Output only the stretch of the listing that starts at the line containing "House for Sale in Ambanpola" and ends at the line containing "Dia. 5cm Red", reproduced exactly with both ends.

____________

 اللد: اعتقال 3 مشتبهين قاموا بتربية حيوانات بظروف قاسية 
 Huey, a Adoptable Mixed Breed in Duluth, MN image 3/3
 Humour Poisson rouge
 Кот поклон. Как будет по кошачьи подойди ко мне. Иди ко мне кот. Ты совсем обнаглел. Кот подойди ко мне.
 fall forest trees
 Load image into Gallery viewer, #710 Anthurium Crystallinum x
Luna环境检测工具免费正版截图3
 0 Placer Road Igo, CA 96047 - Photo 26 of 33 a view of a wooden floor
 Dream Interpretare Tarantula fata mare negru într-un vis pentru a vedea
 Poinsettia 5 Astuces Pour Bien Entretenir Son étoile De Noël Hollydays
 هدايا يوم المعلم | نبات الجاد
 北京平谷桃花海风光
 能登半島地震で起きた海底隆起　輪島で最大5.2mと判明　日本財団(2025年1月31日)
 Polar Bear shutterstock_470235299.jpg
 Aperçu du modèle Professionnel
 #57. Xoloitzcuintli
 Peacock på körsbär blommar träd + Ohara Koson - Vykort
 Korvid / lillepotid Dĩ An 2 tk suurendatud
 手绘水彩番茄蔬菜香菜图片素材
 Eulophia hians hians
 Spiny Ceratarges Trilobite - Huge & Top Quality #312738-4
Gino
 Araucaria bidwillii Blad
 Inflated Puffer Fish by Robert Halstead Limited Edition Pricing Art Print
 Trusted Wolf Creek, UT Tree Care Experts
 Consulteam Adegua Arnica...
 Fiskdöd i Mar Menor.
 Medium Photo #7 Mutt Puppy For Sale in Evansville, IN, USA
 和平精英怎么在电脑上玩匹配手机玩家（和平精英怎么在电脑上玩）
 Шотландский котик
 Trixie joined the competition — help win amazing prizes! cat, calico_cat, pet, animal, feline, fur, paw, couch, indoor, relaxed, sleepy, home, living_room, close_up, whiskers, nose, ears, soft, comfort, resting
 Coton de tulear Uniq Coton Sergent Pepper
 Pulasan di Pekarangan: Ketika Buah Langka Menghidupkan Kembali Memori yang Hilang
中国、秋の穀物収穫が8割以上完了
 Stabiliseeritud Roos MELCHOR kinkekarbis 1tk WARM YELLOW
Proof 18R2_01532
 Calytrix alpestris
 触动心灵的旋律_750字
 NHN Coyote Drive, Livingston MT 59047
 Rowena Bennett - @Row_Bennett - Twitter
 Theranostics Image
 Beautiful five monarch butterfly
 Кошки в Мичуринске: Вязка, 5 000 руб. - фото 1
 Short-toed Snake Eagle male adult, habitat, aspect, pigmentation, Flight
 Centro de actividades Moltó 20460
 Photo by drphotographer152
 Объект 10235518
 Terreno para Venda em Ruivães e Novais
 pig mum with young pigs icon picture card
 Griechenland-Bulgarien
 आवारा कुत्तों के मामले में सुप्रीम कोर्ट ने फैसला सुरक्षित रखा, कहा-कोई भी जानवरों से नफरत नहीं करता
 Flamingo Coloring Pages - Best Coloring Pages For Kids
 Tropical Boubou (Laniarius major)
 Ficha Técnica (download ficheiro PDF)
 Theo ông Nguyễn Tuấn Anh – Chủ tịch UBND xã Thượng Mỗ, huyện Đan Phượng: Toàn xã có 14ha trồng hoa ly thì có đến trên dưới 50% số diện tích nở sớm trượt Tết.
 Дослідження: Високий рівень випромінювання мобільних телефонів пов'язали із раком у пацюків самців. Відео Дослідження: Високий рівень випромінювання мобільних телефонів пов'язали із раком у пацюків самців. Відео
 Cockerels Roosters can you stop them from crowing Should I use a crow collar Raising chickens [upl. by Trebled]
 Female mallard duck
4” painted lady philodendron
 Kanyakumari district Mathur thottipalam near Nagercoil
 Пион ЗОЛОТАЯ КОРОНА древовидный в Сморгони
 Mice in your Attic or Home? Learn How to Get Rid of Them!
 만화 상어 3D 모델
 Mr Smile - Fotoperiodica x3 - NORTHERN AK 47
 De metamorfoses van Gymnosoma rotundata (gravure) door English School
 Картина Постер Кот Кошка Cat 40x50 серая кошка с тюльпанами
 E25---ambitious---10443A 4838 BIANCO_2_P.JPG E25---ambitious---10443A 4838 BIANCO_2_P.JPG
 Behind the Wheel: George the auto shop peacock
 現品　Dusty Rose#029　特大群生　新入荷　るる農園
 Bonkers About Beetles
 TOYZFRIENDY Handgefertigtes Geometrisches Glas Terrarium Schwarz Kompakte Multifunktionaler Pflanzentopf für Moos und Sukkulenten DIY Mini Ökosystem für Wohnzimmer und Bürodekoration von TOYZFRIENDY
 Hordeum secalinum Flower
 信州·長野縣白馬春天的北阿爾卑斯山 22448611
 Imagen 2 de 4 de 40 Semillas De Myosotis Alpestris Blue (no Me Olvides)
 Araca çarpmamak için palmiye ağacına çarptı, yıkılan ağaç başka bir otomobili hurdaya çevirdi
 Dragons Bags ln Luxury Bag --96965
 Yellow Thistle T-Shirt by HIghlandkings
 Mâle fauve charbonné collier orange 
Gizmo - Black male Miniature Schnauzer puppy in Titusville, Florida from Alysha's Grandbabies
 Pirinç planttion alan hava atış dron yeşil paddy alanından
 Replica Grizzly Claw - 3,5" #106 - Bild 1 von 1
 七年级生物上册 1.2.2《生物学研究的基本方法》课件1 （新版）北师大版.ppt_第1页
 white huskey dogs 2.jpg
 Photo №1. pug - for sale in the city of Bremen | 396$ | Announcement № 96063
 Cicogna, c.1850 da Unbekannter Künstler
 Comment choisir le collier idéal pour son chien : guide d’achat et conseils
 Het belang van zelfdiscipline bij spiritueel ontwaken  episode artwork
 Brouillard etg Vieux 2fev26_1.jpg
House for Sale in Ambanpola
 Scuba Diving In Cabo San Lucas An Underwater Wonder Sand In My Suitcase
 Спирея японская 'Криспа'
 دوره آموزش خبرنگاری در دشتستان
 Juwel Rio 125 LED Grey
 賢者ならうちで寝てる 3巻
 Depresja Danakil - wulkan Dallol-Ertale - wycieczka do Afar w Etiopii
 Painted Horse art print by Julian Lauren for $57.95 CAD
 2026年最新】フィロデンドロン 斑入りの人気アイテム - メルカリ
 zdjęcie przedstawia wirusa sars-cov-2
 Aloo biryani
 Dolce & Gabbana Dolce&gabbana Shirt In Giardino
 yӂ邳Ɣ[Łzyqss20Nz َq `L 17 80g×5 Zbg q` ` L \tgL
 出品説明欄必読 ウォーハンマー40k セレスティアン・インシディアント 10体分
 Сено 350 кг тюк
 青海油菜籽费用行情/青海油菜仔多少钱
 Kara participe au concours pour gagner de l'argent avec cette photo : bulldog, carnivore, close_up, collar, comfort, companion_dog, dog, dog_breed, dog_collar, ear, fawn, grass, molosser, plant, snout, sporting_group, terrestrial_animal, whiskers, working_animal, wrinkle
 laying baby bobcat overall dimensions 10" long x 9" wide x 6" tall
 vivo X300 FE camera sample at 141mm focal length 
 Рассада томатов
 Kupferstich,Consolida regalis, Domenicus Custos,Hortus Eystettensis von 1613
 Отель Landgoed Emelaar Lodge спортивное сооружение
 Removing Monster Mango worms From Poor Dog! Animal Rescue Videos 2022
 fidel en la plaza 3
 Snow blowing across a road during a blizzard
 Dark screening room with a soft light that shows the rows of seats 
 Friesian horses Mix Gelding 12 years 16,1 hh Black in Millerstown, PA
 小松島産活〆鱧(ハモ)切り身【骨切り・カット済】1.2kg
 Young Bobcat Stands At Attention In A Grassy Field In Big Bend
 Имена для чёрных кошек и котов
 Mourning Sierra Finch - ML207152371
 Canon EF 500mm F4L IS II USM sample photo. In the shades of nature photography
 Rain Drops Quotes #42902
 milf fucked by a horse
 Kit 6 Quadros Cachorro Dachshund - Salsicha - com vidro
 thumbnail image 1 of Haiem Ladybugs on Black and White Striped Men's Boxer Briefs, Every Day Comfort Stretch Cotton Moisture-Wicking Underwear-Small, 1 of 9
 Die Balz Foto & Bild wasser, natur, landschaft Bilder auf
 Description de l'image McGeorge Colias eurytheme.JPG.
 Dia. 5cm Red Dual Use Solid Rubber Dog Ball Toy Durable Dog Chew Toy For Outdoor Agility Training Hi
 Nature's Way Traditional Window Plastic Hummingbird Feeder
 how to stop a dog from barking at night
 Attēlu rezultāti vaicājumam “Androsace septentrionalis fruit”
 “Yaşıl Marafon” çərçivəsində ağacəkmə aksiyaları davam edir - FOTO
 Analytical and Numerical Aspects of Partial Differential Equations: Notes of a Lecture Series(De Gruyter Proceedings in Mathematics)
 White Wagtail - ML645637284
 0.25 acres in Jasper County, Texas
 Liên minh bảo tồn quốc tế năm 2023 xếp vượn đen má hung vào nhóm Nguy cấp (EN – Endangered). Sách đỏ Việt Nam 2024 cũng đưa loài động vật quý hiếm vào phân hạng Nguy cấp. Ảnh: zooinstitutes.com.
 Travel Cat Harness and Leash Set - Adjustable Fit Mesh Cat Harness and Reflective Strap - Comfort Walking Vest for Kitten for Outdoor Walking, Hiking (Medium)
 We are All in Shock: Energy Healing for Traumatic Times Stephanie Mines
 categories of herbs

____________

● **OUTPUT FOR THIS TASK**:
House for Sale in Ambanpola
 Scuba Diving In Cabo San Lucas An Underwater Wonder Sand In My Suitcase
 Спирея японская 'Криспа'
 دوره آموزش خبرنگاری در دشتستان
 Juwel Rio 125 LED Grey
 賢者ならうちで寝てる 3巻
 Depresja Danakil - wulkan Dallol-Ertale - wycieczka do Afar w Etiopii
 Painted Horse art print by Julian Lauren for $57.95 CAD
 2026年最新】フィロデンドロン 斑入りの人気アイテム - メルカリ
 zdjęcie przedstawia wirusa sars-cov-2
 Aloo biryani
 Dolce & Gabbana Dolce&gabbana Shirt In Giardino
 yӂ邳Ɣ[Łzyqss20Nz َq `L 17 80g×5 Zbg q` ` L \tgL
 出品説明欄必読 ウォーハンマー40k セレスティアン・インシディアント 10体分
 Сено 350 кг тюк
 青海油菜籽费用行情/青海油菜仔多少钱
 Kara participe au concours pour gagner de l'argent avec cette photo : bulldog, carnivore, close_up, collar, comfort, companion_dog, dog, dog_breed, dog_collar, ear, fawn, grass, molosser, plant, snout, sporting_group, terrestrial_animal, whiskers, working_animal, wrinkle
 laying baby bobcat overall dimensions 10" long x 9" wide x 6" tall
 vivo X300 FE camera sample at 141mm focal length 
 Рассада томатов
 Kupferstich,Consolida regalis, Domenicus Custos,Hortus Eystettensis von 1613
 Отель Landgoed Emelaar Lodge спортивное сооружение
 Removing Monster Mango worms From Poor Dog! Animal Rescue Videos 2022
 fidel en la plaza 3
 Snow blowing across a road during a blizzard
 Dark screening room with a soft light that shows the rows of seats 
 Friesian horses Mix Gelding 12 years 16,1 hh Black in Millerstown, PA
 小松島産活〆鱧(ハモ)切り身【骨切り・カット済】1.2kg
 Young Bobcat Stands At Attention In A Grassy Field In Big Bend
 Имена для чёрных кошек и котов
 Mourning Sierra Finch - ML207152371
 Canon EF 500mm F4L IS II USM sample photo. In the shades of nature photography
 Rain Drops Quotes #42902
 milf fucked by a horse
 Kit 6 Quadros Cachorro Dachshund - Salsicha - com vidro
 thumbnail image 1 of Haiem Ladybugs on Black and White Striped Men's Boxer Briefs, Every Day Comfort Stretch Cotton Moisture-Wicking Underwear-Small, 1 of 9
 Die Balz Foto & Bild wasser, natur, landschaft Bilder auf
 Description de l'image McGeorge Colias eurytheme.JPG.
 Dia. 5cm Red Dual Use Solid Rubber Dog Ball Toy Durable Dog Chew Toy For Outdoor Agility Training Hi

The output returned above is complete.